A poor interview process was another red flag.
“When you ask questions and the employer is unclear about the role and responsibilities, and they don’t seem to have direction and passion for the industry and their farm, they’re red flags,” Lachlan said.
No contract was another red flag. Contracts set out conditions of employment and the responsibilities of the role.
Contracts can also be modified to identify pathways within the workplace.
“You want to know if you’ll be supported to go to courses, or build equity in the herd,” Jasmine said.
Shiona said it was important to have those regular conversations with employees about what they wanted to learn and how to support that.

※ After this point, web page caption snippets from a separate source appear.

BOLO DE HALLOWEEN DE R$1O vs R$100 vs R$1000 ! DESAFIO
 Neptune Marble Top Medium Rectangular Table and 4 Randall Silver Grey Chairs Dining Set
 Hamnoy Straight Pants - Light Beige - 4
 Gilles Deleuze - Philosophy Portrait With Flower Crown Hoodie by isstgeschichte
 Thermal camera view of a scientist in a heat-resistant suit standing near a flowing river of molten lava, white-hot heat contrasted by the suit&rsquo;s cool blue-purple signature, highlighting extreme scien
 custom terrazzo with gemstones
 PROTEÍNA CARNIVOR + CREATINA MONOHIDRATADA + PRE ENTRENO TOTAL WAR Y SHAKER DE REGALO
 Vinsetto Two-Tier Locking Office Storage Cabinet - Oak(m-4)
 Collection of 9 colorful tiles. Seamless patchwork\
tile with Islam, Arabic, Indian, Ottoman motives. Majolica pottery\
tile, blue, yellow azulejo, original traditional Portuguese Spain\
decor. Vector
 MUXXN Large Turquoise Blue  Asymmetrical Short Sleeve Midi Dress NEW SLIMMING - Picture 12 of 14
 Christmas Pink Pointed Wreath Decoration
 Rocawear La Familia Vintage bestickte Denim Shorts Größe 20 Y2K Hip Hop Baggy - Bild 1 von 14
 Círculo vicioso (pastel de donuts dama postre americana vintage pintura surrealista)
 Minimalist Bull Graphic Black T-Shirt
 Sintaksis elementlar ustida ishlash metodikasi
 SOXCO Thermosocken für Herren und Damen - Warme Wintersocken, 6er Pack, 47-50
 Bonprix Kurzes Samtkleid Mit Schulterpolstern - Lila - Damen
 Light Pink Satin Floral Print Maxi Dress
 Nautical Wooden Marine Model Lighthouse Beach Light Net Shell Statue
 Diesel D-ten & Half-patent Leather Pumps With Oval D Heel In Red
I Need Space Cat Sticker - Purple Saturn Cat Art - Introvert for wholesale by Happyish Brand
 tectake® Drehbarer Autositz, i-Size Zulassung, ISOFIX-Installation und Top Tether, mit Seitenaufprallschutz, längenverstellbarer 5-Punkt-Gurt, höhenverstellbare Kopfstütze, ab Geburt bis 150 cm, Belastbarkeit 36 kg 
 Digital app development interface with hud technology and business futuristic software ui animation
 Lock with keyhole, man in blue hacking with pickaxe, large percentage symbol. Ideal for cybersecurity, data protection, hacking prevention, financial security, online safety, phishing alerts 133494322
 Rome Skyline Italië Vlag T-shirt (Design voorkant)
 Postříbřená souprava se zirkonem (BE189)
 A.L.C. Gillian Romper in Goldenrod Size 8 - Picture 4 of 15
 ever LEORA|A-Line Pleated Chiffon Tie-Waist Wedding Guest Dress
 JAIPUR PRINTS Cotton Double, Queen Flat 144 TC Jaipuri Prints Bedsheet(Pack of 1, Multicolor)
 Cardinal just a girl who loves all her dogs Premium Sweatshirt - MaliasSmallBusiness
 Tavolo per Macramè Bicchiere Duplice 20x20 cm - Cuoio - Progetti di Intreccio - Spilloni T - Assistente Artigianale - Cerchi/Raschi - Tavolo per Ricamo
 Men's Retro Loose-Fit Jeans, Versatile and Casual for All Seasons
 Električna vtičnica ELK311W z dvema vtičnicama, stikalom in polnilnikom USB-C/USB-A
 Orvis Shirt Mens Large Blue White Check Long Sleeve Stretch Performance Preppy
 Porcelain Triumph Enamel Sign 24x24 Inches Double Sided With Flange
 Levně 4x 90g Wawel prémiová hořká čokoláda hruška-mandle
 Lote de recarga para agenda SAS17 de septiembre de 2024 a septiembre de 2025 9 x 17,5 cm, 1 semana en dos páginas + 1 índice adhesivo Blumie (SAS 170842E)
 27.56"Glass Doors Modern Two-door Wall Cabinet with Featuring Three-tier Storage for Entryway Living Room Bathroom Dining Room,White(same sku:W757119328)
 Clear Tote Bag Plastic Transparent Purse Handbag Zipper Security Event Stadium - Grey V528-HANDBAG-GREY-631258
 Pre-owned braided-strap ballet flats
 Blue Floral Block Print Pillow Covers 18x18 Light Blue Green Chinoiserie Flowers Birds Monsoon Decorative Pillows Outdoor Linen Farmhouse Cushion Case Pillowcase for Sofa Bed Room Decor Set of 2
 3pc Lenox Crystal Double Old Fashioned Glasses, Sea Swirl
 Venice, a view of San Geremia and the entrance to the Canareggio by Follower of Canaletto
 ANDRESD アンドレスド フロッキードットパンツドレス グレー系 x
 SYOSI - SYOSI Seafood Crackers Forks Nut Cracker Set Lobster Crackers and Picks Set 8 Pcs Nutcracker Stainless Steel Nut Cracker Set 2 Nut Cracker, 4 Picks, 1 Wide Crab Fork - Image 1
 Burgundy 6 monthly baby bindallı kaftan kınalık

Another major red flag was a lack of concern about safety in the workplace.
‘Green flags’ included clean dairies, farms with maintained fences, and the farmer speaking with passion and pride about their workplace and how they want to grow their farm.
Green flags prioritised farmers who want to increase milking numbers and improve facilities to make jobs easier to do.
“If the farm looks like the farmer loves it, I want to work there,” Jasmine said.
“That’s the standard I want to work within, and an employee is more likely to maintain the standard that’s set for them from day one.”
Shiona said employees had a right to work within safe workplaces, including knowing the cows are quiet and well behaved, and equipment is maintained.
Andrew recently had a new shed built over the dairy, while still milking the herd, and he is grateful his staff stayed with him given it was a stressful process.
“It’s now a better facility for all of us to work in,” he said.
“We’ve also discovered we don’t have to have as many people working in the milking shed.
“But employing just as many people enables us all to have time off and spend time with our families.”